Aim of the task >> Report each line of the entries below that has the word "Shop" in it.

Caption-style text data
****************

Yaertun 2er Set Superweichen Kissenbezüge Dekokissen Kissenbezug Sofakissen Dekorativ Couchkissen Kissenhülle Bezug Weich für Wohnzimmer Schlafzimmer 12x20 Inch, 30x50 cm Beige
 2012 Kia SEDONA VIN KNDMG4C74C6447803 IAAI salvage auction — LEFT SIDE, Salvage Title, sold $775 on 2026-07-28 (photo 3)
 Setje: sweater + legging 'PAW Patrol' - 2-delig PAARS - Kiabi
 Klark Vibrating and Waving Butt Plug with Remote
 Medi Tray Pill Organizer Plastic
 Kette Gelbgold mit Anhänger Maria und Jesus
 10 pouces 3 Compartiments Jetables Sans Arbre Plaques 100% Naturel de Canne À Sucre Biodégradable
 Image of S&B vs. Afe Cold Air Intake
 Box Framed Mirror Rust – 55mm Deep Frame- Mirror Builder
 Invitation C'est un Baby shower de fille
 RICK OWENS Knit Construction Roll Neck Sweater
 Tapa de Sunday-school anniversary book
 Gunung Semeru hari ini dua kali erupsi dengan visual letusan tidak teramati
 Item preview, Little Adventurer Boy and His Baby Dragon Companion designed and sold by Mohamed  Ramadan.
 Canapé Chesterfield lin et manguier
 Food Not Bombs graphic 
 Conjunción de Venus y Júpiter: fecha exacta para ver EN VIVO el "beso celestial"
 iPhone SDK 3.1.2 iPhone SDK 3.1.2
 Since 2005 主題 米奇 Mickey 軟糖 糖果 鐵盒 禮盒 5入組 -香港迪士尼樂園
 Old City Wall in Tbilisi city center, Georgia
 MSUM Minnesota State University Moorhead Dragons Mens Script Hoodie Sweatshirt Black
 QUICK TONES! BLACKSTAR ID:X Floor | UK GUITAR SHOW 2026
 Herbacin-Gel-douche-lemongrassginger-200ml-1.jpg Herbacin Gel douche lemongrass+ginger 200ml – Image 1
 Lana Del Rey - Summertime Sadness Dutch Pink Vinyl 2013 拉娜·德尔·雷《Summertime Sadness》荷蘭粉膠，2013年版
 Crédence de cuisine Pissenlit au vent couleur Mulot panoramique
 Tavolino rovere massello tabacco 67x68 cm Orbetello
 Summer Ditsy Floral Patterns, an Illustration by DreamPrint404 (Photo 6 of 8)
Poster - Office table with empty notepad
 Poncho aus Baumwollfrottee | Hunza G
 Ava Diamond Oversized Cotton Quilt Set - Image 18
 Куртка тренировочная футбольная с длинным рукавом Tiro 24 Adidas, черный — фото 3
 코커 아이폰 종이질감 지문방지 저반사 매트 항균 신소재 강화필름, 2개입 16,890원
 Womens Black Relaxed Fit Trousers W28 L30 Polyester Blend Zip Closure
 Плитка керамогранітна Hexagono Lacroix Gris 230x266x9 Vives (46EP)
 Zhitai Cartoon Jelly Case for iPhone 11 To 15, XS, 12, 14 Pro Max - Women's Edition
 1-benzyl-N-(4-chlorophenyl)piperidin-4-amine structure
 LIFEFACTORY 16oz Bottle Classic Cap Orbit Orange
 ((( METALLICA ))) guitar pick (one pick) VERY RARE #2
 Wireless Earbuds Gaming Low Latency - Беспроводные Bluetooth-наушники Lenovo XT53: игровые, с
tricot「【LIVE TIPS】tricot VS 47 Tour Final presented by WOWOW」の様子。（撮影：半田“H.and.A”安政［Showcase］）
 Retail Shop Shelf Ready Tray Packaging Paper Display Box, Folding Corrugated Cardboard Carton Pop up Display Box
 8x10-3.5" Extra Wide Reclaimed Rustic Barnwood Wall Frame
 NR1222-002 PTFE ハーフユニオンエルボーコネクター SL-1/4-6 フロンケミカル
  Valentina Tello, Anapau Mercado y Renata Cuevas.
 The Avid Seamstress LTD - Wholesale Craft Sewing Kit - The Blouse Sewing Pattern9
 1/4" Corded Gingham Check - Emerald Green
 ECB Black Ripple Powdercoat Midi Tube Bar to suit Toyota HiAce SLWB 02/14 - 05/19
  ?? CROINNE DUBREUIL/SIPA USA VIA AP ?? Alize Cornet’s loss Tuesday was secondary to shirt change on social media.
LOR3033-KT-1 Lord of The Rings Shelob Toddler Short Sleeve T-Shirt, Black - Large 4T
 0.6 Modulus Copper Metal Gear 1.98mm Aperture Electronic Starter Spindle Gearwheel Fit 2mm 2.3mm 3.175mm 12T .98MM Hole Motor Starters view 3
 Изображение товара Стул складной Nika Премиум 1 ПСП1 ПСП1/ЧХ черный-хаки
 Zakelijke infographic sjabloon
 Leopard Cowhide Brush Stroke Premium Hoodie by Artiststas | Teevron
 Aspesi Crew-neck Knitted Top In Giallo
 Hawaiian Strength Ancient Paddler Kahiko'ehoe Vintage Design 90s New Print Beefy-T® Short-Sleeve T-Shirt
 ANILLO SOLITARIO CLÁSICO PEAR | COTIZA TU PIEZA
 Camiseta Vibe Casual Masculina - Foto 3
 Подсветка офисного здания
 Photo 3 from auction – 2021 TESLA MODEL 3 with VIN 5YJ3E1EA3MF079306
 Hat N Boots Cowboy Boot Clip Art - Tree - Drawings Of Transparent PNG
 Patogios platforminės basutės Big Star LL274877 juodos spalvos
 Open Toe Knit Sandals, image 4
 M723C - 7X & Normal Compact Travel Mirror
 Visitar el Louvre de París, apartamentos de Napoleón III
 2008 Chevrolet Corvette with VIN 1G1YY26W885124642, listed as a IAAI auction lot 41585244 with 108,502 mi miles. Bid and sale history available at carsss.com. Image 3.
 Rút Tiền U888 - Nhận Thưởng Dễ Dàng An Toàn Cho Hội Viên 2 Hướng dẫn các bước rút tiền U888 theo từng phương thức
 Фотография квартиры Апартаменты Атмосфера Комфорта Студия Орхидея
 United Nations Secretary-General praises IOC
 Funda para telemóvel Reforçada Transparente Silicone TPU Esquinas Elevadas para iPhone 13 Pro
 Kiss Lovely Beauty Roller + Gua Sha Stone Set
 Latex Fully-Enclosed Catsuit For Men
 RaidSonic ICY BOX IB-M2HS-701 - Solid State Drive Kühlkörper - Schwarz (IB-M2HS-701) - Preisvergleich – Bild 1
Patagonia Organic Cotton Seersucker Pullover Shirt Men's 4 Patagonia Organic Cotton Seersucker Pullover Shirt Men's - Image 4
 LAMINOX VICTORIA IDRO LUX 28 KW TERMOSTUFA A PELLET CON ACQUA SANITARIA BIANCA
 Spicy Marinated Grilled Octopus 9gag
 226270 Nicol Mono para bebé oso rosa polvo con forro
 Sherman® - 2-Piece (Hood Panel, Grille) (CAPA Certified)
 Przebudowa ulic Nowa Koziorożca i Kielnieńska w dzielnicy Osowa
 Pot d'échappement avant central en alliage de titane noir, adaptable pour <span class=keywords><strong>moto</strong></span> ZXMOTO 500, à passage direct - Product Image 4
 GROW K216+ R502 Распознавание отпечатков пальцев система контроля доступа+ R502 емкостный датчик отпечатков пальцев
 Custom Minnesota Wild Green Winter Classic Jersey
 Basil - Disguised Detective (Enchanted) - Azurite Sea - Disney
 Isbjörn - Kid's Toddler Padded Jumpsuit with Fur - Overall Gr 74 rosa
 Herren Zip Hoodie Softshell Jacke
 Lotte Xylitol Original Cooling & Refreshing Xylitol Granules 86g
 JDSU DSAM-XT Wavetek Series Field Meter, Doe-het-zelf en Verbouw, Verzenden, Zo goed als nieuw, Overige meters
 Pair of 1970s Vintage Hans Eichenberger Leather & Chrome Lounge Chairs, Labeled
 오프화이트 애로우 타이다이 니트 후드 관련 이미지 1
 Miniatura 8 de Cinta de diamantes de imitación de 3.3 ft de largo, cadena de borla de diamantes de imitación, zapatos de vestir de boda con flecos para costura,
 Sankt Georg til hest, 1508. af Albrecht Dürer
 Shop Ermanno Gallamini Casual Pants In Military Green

****************

Response area >>
 Retail Shop Shelf Ready Tray Packaging Paper Display Box, Folding Corrugated Cardboard Carton Pop up Display Box
 Shop Ermanno Gallamini Casual Pants In Military Green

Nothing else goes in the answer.